The coming edition of the Holland Festival, running from 3 to 25 June, features 33 Dutch premières and 17 world premières. The festival celebrates its 70th birthday with an unwavering commitment to the arts.

During the presentation in the Amsterdam Bimhuis on Tuesday 7 February Annet Lekkerkerker, director of the festival, quoted Henk Reinink, one of its founders: ‘We initiate this festival in order to realize something great with joint forces.’

From spectators to ‘introspectors’

This was in 1947. Lekkerkerker stressed that seven decades later this mission statement is still in full force. ‘Shortly after World War II people acknowledged the importance of the arts.’ Unfortunately this is no longer a given in these troubled times, where all former certainties seem to be under attack from populist forces. Lekkerkerker, however, insists: ‘Art forms an essential and indispensable part of our lives. It broadens our perspective and turns spectators into “introspectors”.’

Democracy

The festival has two main themes. The first one is highly topical: democracy in all its different aspects, with eye-catching events such as The Nation, a theatrical thriller about tensions in the ‘multi-culti’ Netherlands by Eric de Vroedt; My Country, a production of the British National Theatre on the Brexit; Octavia. Trepanation, a new opera of Dmitri Kourliandski investigating the mechanisms of the Russian Revolution in 2017, and La Democrazia in America in which Romeo Castelucci probes the function of theatre.

Contemporary music from Indonesia

The second theme is Indonesia, the former Dutch colony that was only granted its independence in 1949, after fierce struggles and under international pressure. Even today Indonesia is a sore point in Holland, where relatives of the train hijackers that were brutally killed in 1977 are still fighting for justice.

To this day Indonesia is often mainly viewed from a colonial perspective, but the festival chooses to zoom in on contemporary art from the sprawling archipelago. ‘A Night in Indonesia’ presents a five hour long mini-festival in the famous pop venue Paradiso on 16 June.

It features underground bands combining elements from traditional Indonesian music with pop, rock, folk, noise and/or electronics.’ The duo Boi Akih of jazz singer Monica Akihary and guitarist Niels Brouwer will première Controlling the Swing, commissioned by the Holland Festival.

The next day Ensemble Modern presents Ruang Suara in Muziekgebouw aan ‘t IJ, showcasing music from young Indonesian composers that was crafted in close cooperation with the Germans.

In the infectiously Dah-Dha-Dah by Gema Swaratyagita, the musicians only seem to fill the stage in passing, producing weird & crazy sounds along with purely musical ones.
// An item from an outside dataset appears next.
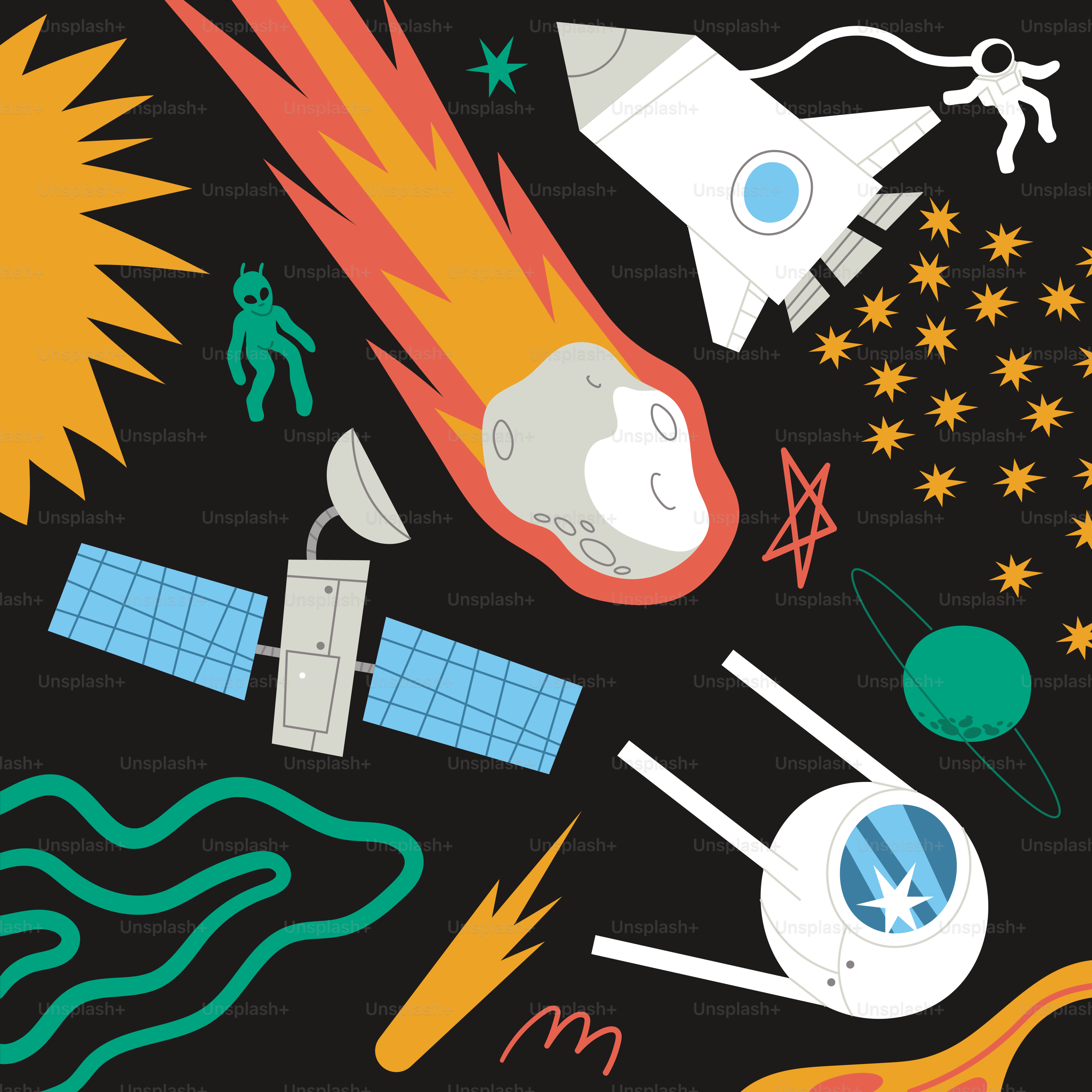 An image of a space themed background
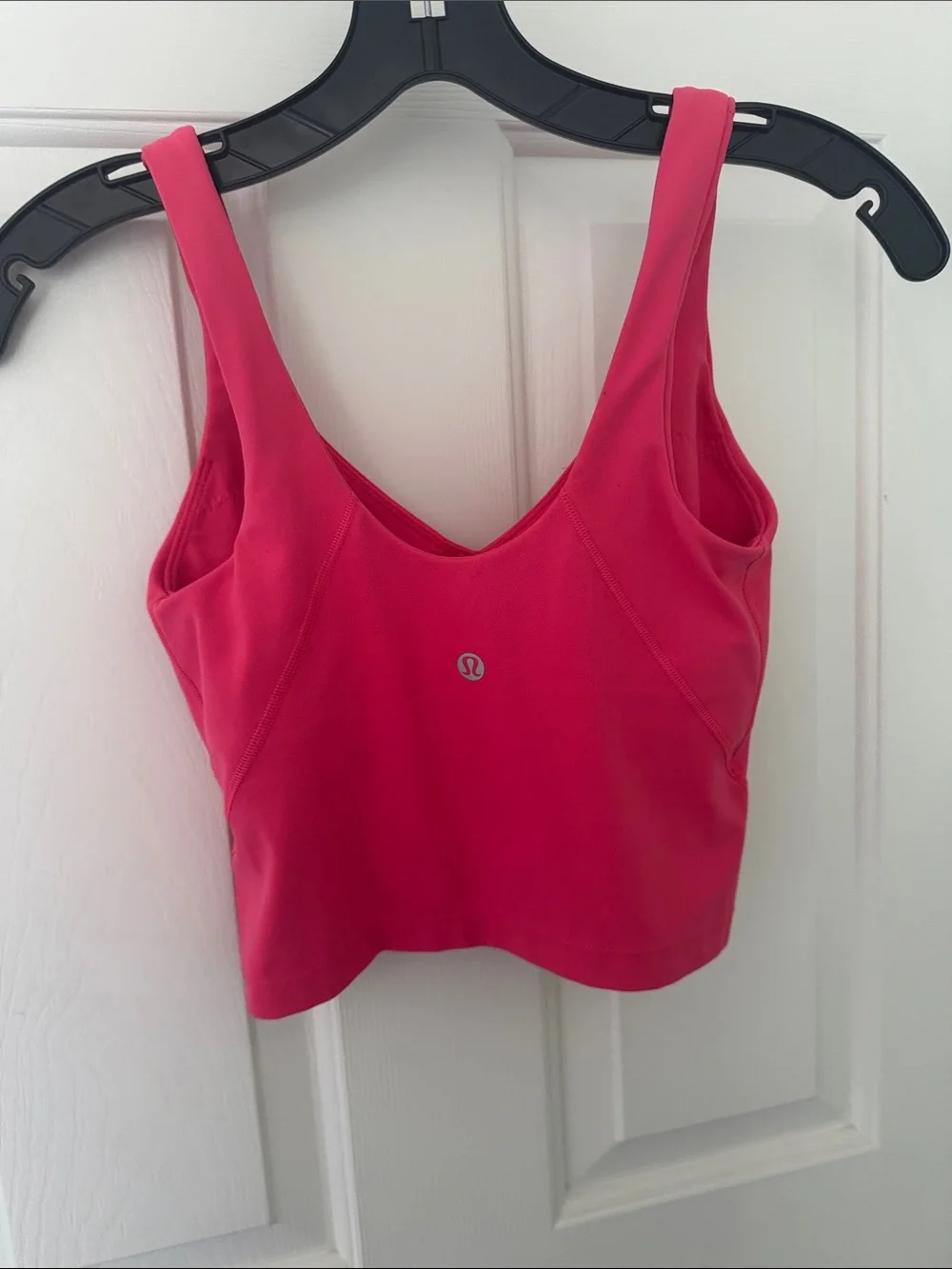 Women’s V-Neck Sleeveless Crop Top - Hot Pink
Swaratyagita herself has a vocal part and plays the suling, an Indonesian recorder.

Religions without borders

The Dutch-Indonesian composer Sinta Wullur will realize Temple of Time. She specially designed it for the Holland Festival Proms in the Amsterdam Concertgebouw on 24 June. Audience and musicians are encircled by 84 gongs from Wullur’s chromatic gamelan.

The gong players and eight vocalists from different religious traditions will perform both traditional and newly composed music. The texts are based on ancient sacred texts from the four world religions about the passage of time.

At the presentation Wullur mentioned that while at school in Indonesia, her religious classes were evenly dedicated to Catholicism, Protestantism, Hinduism and Islam. Librettist Miranda Lakerveld pointed out that this seems less obvious today, considering how difficult it was to find appropriate religious texts that both respect tradition and avoid sensitivities.

Sacred grounds

The Proms also feature the world première of Sacred Environment, a collaboration between the Australian-Dutch composer Kate Moore and visual artist Ruben van Leer. In this oratorio the singer Alex Oomens makes a trip to Hunter Valley in virtual reality, the audience following her to the temple on the sacred grounds of the Australian Wonnarua and Darkinjung tribes.

Theo van Gogh meets Gilbert & George

I look especially forward to Huba de Graaff’s music theatre piece The Naked Shit Songs. It is based on an interview of Theo van Gogh with the British artists Gilbert and George in 1996. The discussion addresses such diverse themes as art, sex and religion, Muslims, fundamentalism and death.

Huba de Graaff set the (almost) complete interview to music. This is the more poignant since Van Gogh – who was very outspoken and straightforward on controversial issues – was murdered by an Islamic fundamentalist in 2004.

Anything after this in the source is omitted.